The web-xml and app-xml handlers in DaFT provide advanced XML extraction and filtering capabilities, allowing users to:

  • Extract specific paths from deeply nested XML.
  • Select only certain fields from the extracted data.
  • Convert XML to JSON-like structures for consistent data handling.
  • Maintain full backward compatibility (default behavior is unchanged).

** How XML Path Extraction Works**

The xml_path option allows you to extract specific parts of an XML response using dot notation.

For example, given this XML response:

<response>
    <status>success</status>
    <data>
        <items>
            <item>
                <id>1</id>
                <name>Alice</name>
                <score>95</score>
            </item>
            <item>
                <id>2</id>
                <name>Bob</name>
                <score>88</score>
            </item>
        </items>
    </data>
</response>

You can extract only <data><items> using this configuration:

source = "https://api.example.com/data.xml"
type = "web-xml"
xml_path = "data.items.item"

Returned Output (Converted to JSON-like format):

[
    { "id": "1", "name": "Alice", "score": "95" },
    { "id": "2", "name": "Bob", "score": "88" }
]


** Field Filtering: Selecting Only the Data You Need**

The fields option allows you to extract only certain fields from the extracted data.

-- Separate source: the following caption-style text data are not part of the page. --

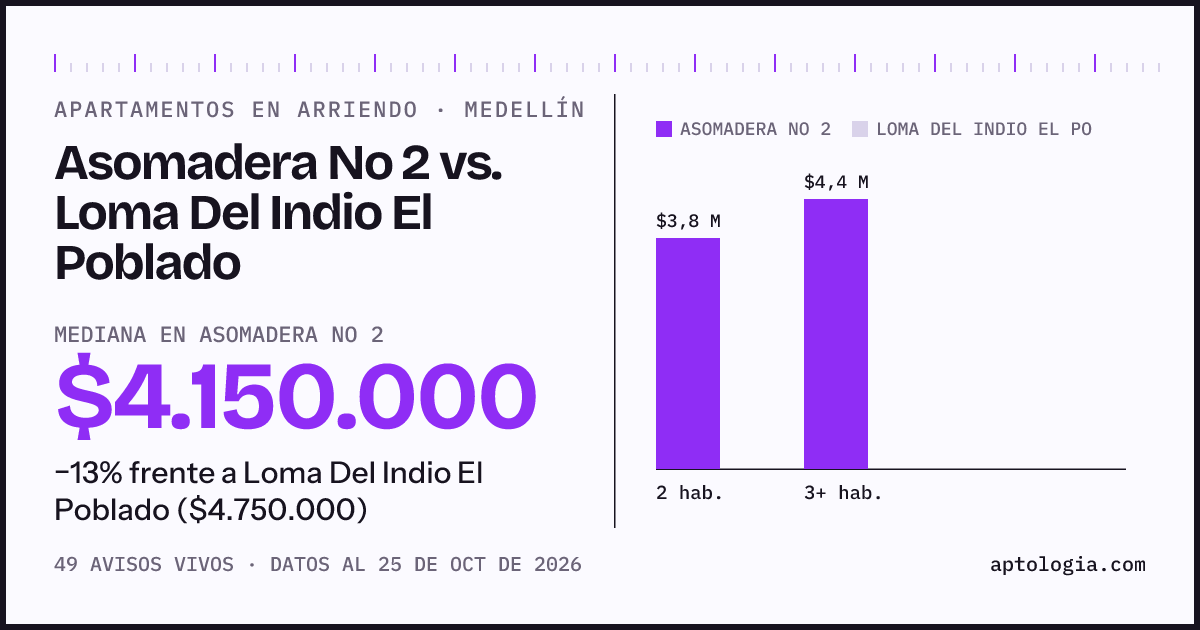 Apartamentos en arriendo en Asomadera No 2 contra Loma Del Indio El Poblado, Medellín: mediana $4.150.000 contra $4.750.000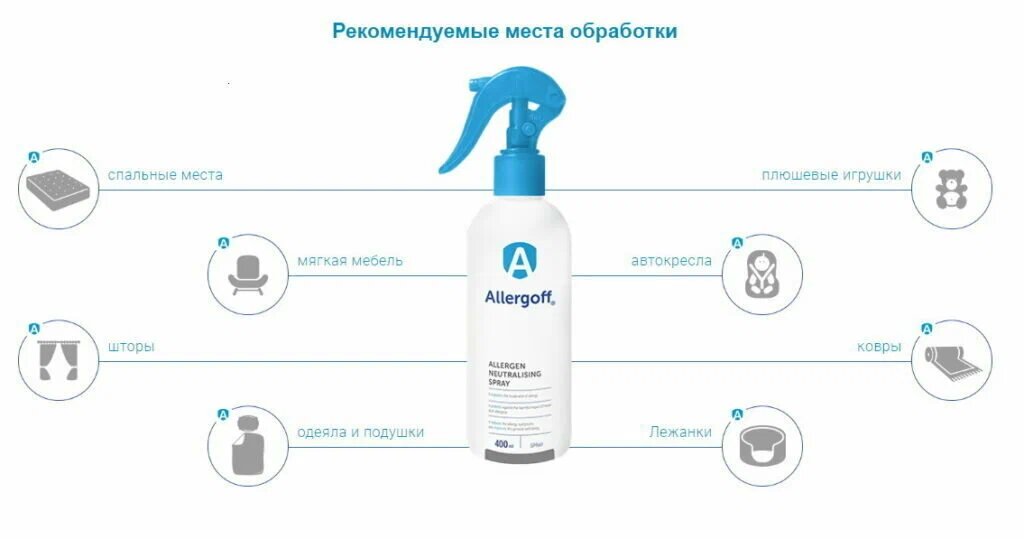 Спрей Allergoff "Natural", для устранения клеща, спрей для домашней пыли — фото 1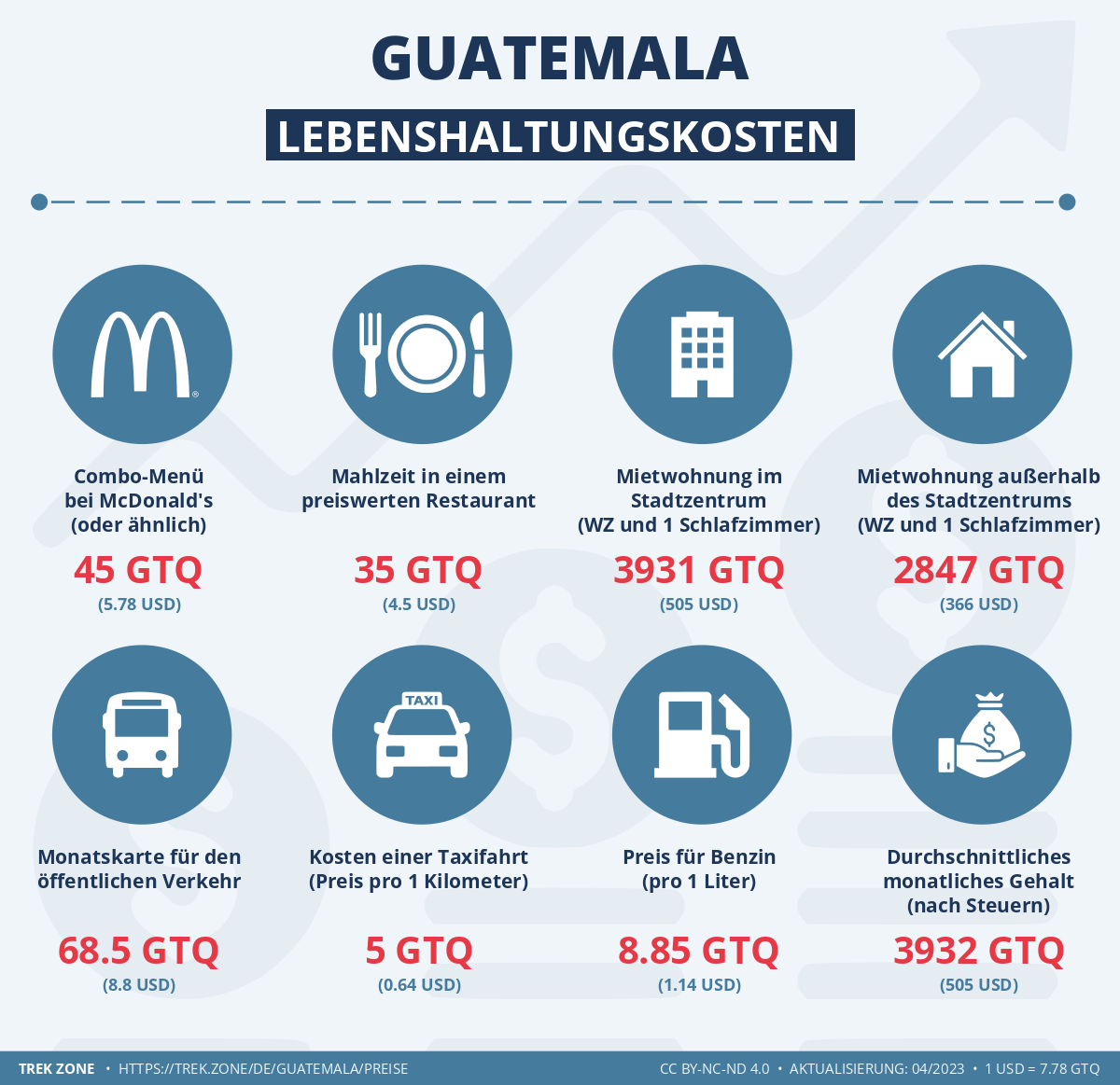 preise und lebenskosten guatemala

For example, with this configuration:

source = "https://api.example.com/data.xml"
type = "web-xml"
xml_path = "data.items.item"
fields = "id,name"

Returned Output:

[
    { "id": "1", "name": "Alice" },
    { "id": "2", "name": "Bob" }
]


** Handling Single XML Elements**

If the extracted xml_path points to a single XML element, it will be returned as an object instead of an array.

Example XML Response

<response>
    <metadata>
        <info>
            <version>1.0</version>
            <author>Admin</author>
        </info>
    </metadata>
</response>

Configuration

source = "https://api.example.com/data.xml"
type = "web-xml"
xml_path = "metadata.info"

Returned Output:

{
    "version": "1.0",
    "author": "Admin"
}


🛠 Using App XML Handler

The app-xml handler works exactly the same, but instead of fetching XML from a web URL, it runs a shell command that outputs XML.

Example Configuration

source = "/usr/local/bin/my-xml-app --option=value"
type = "app-xml"
xml_path = "response.results.item"
fields = "id,score"

Expected Output:

[
    { "id": "1", "score": "95" },
    { "id": "2", "score": "88" }
]


** What Happens If a Path Doesn’t Exist?**

If the specified xml_path does not exist in the response:

  • Instead of returning an error, it will return an empty array ([]).

If the specified fields don’t exist in the extracted data:

  • Those fields will be ignored without errors.

This ensures consistent behavior and prevents API failures due to missing XML elements.


** Backward Compatibility**

  • If you don’t use xml_path or fields, the handler works exactly as before.
  • No breaking changes for existing users!

For example, this configuration:

source = "https://api.example.com/data.xml"
type = "web-xml"

Will still return the entire XML response as a JSON-like array.